#### What is being asked:
From the records below, copy out exactly the lines from the one containing "Building Photo - 1 Easy St" to the one containing "hermoso: 198927110 Retrato", both included. Add nothing else.

#### Data extract:
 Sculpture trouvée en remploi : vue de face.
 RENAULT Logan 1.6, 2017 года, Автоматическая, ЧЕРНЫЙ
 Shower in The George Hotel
==
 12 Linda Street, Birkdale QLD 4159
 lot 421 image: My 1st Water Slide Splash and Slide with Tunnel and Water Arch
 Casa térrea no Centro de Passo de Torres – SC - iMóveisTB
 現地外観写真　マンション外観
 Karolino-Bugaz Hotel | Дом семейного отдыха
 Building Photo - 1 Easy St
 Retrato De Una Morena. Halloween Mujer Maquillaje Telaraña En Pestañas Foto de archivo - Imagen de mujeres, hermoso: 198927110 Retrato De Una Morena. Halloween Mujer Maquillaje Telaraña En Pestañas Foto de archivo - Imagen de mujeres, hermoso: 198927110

#### Written response:
 Building Photo - 1 Easy St
 Retrato De Una Morena. Halloween Mujer Maquillaje Telaraña En Pestañas Foto de archivo - Imagen de mujeres, hermoso: 198927110 Retrato De Una Morena. Halloween Mujer Maquillaje Telaraña En Pestañas Foto de archivo - Imagen de mujeres, hermoso: 198927110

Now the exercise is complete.